Let’s bring the tidyverse into R Studio.
library(tidyverse)
What is the difference between a histogram and a bar plot? Let’s compare the two side-by-side.
A bar plot counts the cars in each category. Our data has a lot of SUVs and not many 2-seaters or minivans. We don’t know anything else about them right now, except how many of them there are.
A histogram, on the other hand, “counts” the cars based on their highway mileage. Most of the cars, be they SUVs or minivans (we don’t know), seem to have an efficiency of between 15-30 miles per gallon on a highway.
Unlike bar plots, histograms are a way of counting numerical data. Like boxplots or violin plots, they show us the spread of the data.
Let’s use the ISLR2 package again. This time, we’ll explore the BrainCancer dataset, which has information on the results of a study conducted on survival times for patients diagnosed with brain cancer. Read more about this dataset at https://cran.r-project.org/web//packages/ISLR2/ISLR2.pdf. Take some time to understand the variables.
library(ISLR2)
BrainCancer <- BrainCancer %>% as_tibble()
BrainCancer
## # A tibble: 88 x 8
## sex diagnosis loc ki gtv stereo status time
## <fct> <fct> <fct> <int> <dbl> <fct> <int> <dbl>
## 1 Female Meningioma Infratentorial 90 6.11 SRS 0 57.6
## 2 Male HG glioma Supratentorial 90 19.4 SRT 1 8.98
## 3 Female Meningioma Infratentorial 70 7.95 SRS 0 26.5
## 4 Female LG glioma Supratentorial 80 7.61 SRT 1 47.8
## 5 Male HG glioma Supratentorial 90 5.06 SRT 1 6.3
## 6 Female Meningioma Supratentorial 80 4.82 SRS 0 52.8
## 7 Male Meningioma Supratentorial 80 3.19 SRT 0 55.8
## 8 Male LG glioma Supratentorial 80 12.4 SRT 0 42.1
## 9 Female Meningioma Supratentorial 70 12.2 SRT 0 34.7
## 10 Male HG glioma Supratentorial 100 2.53 SRT 0 11.5
## # ... with 78 more rows
What are the categories recorded? Among others, we have the sex, the type of brain cancer (diagnosis), and the status, which tracks whether the patient was alive at the end of the study.

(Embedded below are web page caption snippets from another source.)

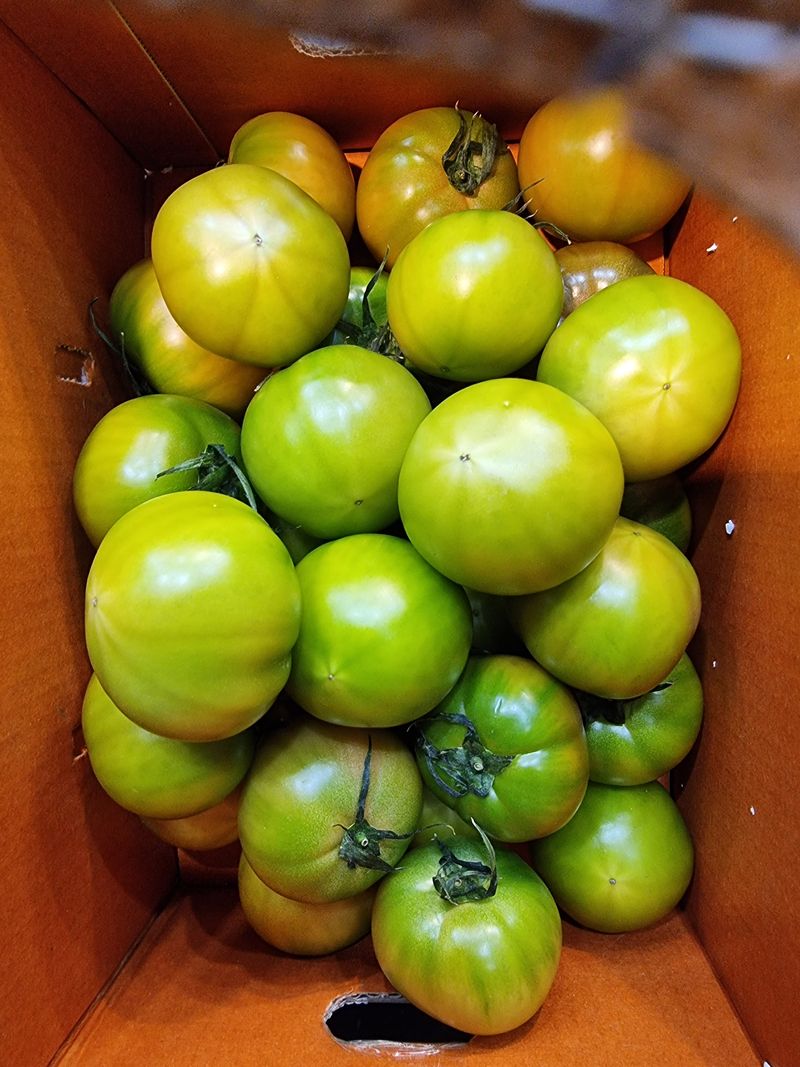 장터 상품 [대저 토마토   2.5키로] 썸네일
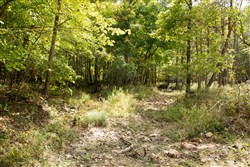 Wagon Wheel Ranch Tract 50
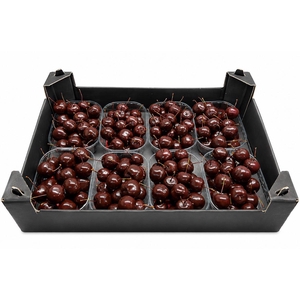 Waxmalus Choco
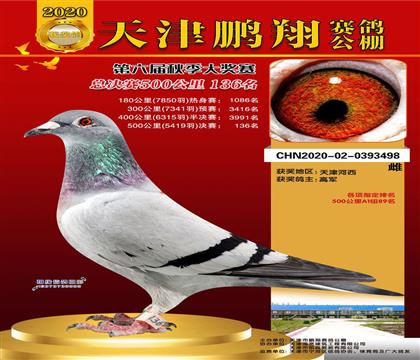 ����Qِ136��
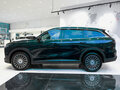 2025 Chery Tiggo 9 I, зелёный - вид 7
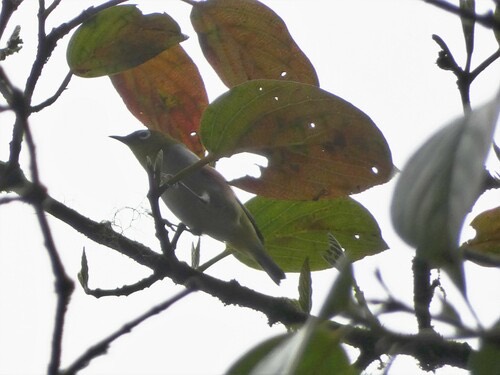 นกแว่นตาขาวสีข้างแดง · Chestnut-flanked White-eye · Zosterops erythropleurus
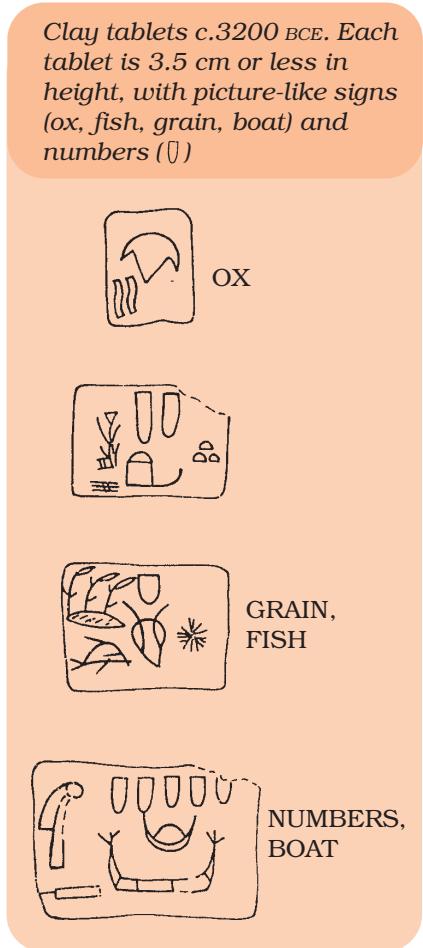 Textbook illustration
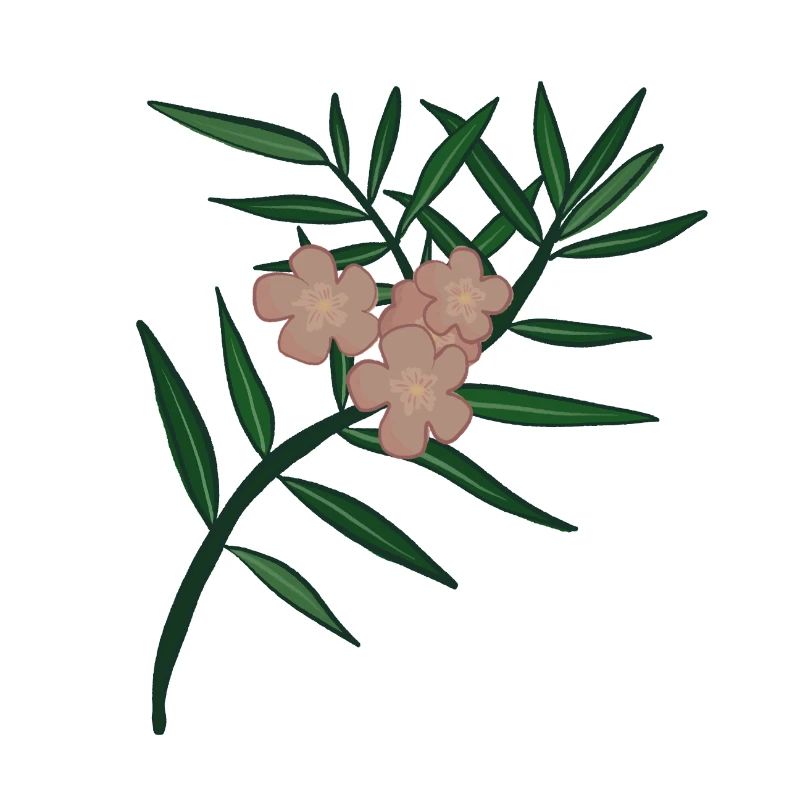 Branche de fleur de laurier-rose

So how many male and female patients do we have?
ggplot(BrainCancer, aes(sex)) +
geom_bar()
We should know how to get this information as a table too.
BrainCancer %>% count(sex)
## # A tibble: 2 x 2
## sex n
## <fct> <int>
## 1 Female 45
## 2 Male 43
What types of cancers do we have information for?

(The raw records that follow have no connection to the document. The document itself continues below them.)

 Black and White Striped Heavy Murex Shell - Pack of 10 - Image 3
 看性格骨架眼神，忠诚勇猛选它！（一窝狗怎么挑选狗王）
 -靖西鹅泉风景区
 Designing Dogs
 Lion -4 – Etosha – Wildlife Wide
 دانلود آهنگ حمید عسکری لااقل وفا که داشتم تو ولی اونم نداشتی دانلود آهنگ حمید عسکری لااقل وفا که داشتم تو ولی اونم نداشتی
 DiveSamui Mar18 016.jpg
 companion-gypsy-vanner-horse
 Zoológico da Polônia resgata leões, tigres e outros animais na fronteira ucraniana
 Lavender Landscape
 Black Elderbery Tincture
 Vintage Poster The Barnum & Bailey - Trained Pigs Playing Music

ggplot(BrainCancer, aes(diagnosis)) +
geom_bar()
BrainCancer %>% count(diagnosis)
## # A tibble: 5 x 2
## diagnosis n
## <fct> <int>
## 1 Meningioma 42
## 2 LG glioma 9
## 3 HG glioma 22
## 4 Other 14
## 5 <NA> 1
We have a few NA values. Let’s try and get rid of these.
BrainCancer %>%
filter(!is.na(diagnosis))
## # A tibble: 87 x 8
## sex diagnosis loc ki gtv stereo status time
## <fct> <fct> <fct> <int> <dbl> <fct> <int> <dbl>
## 1 Female Meningioma Infratentorial 90 6.11 SRS 0 57.6
## 2 Male HG glioma Supratentorial 90 19.4 SRT 1 8.98
## 3 Female Meningioma Infratentorial 70 7.95 SRS 0 26.5
## 4 Female LG glioma Supratentorial 80 7.61 SRT 1 47.8
## 5 Male HG glioma Supratentorial 90 5.06 SRT 1 6.3
## 6 Female Meningioma Supratentorial 80 4.82 SRS 0 52.8
## 7 Male Meningioma Supratentorial 80 3.19 SRT 0 55.8
## 8 Male LG glioma Supratentorial 80 12.4 SRT 0 42.1
## 9 Female Meningioma Supratentorial 70 12.2 SRT 0 34.7
## 10 Male HG glioma Supratentorial 100 2.53 SRT 0 11.5
## # ... with 77 more rows
This filters everything that is not an NA in the diagnosis column. The is.na() function gets the NA values from a column. The ! means “not”.
So now we have everything that is not an NA. We can see that this has 87 rows. The original had 88, so only one entry didn’t have a diagnosis to it.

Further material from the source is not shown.